Apple Sued by New York Publisher Over Use of ‘iBooks’

Apple Inc., maker of the iPad tablet computer and the iPhone, was sued by New York publisher John T. Colby in federal court today for trademark infringement over its use of the term “iBooks.”

Colby bought in 2006 and 2007 the assets of various entities owned by New York publisher Byron Preiss, who had published more than 1,000 hardcover and paperback books under the “ibooks” name starting in September 1999, according to the lawsuit, which was filed in U.S. District Court in Manhattan today.

Apple has a trademark on the name “IBOOK” for computers and once sold a personal computer known as the “iBook,” according to the lawsuit. The Cupertino, California-based company never used the term as a designation for electronic books or an application for the delivery of electronic books until it began selling the iPad in April 2010, Colby said in the lawsuit.

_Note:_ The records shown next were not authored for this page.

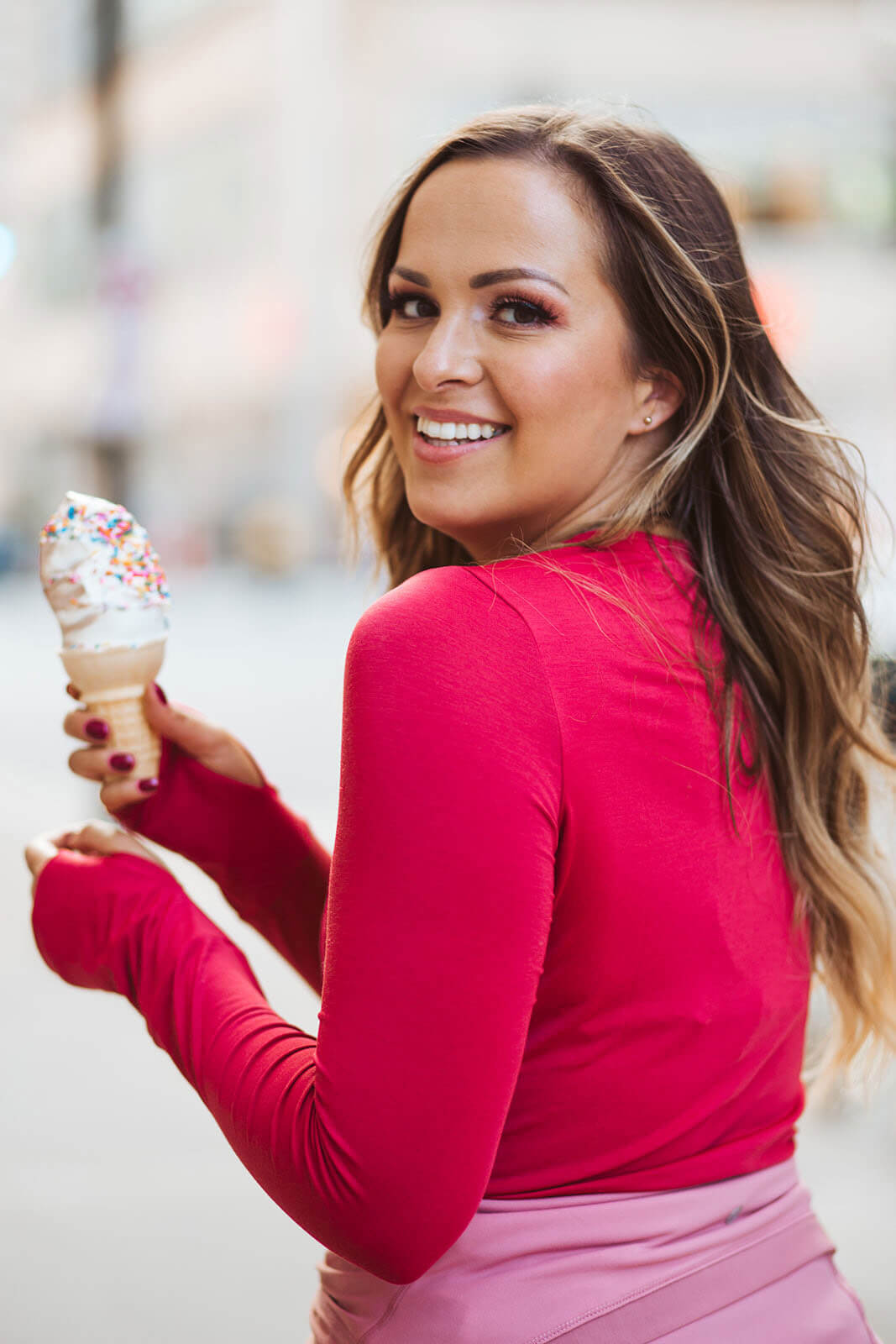 Lynette-holding-an-ice-cream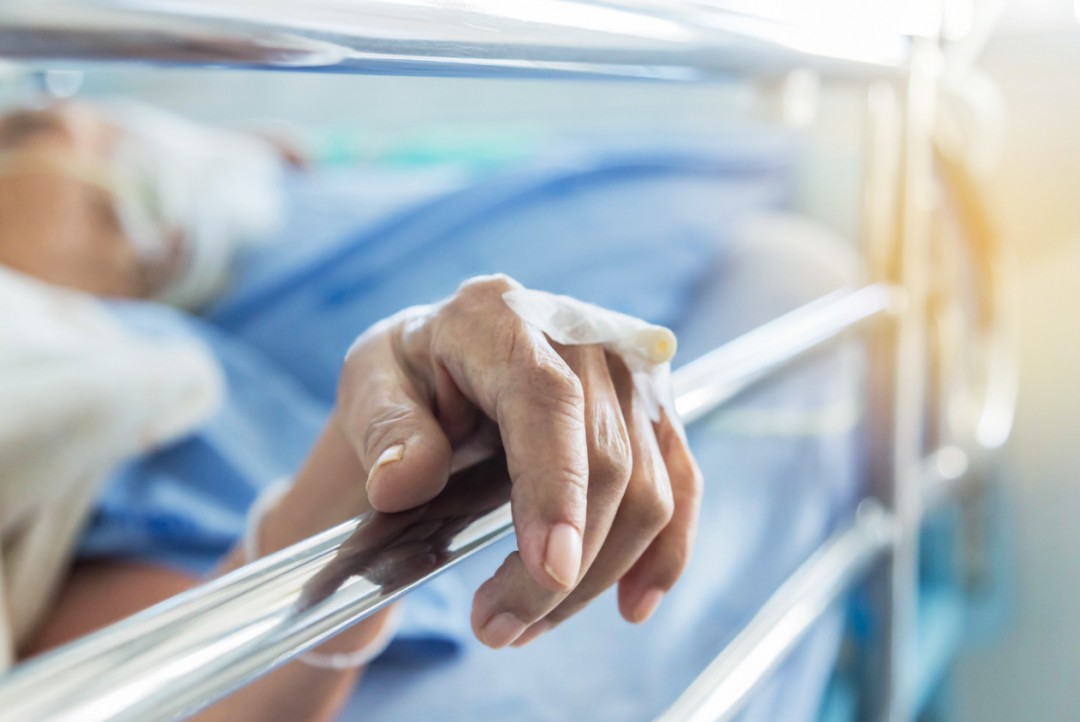 突然肚子痛！广东一男子吃烧烤后住进ICU！医生：或可致命！休闲区蓝鸢梦想 - Www.slyday.coM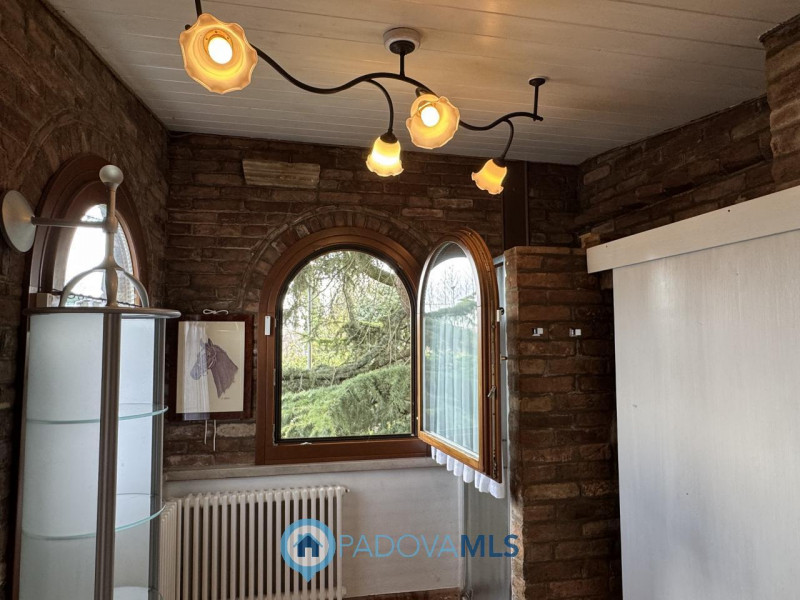 Immobile in esclusiva al Gruppo Padova MLS
Se amate la tranquillità e allo stesso tempo la vicina...
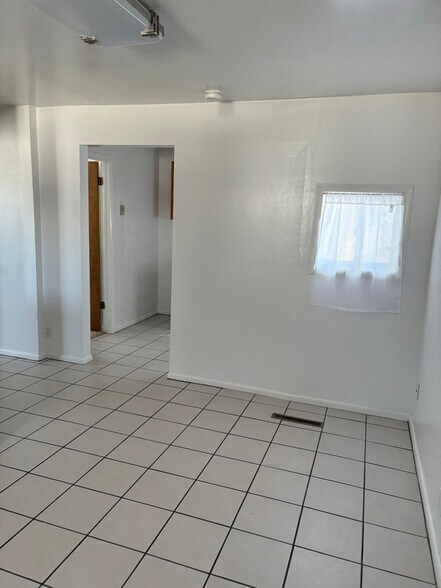 Building Photo - 1317 S 400 E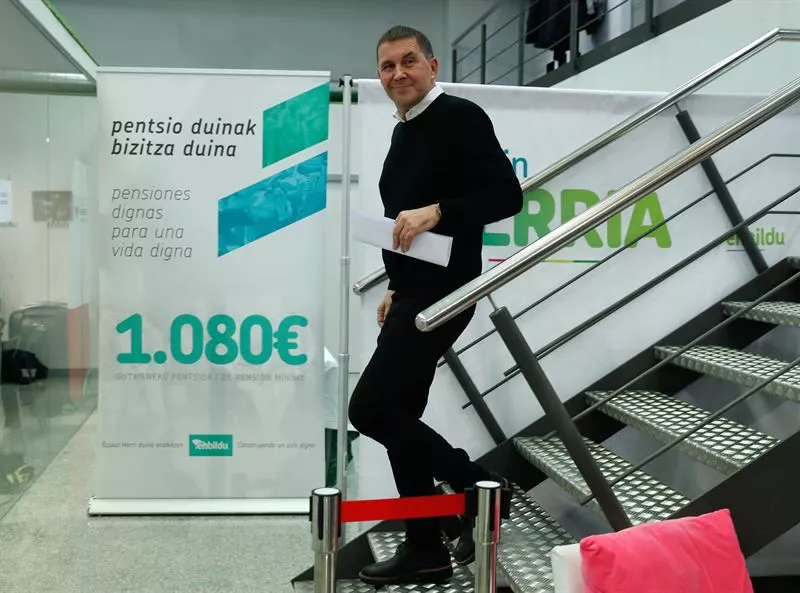 Arnaldo Otegi ofrece una conferencia de prensa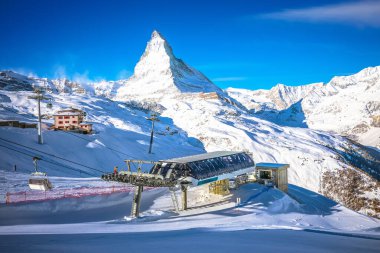 İsviçre Alpleri 'nin Valais bölgesinde Zermatt' taki Riffelberg kayak alanından Matterhorn manzarası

“Apple’s use of the mark ‘iBooks’ to denote the electronic library that can be accessed via its iPad tablet computer and its iPhone is likely to overwhelm the good will of plaintiffs’ ‘ibooks’ and ‘ipicturebooks’ marks and render them virtually worthless,” the lawsuit says.

Steve Dowling, a spokesman for Apple, declined to comment in a telephone interview.

The case is J.T. Colby & Co. vs. Apple Inc., 11-cv-4060, U.S. District Court, Southern District of New York.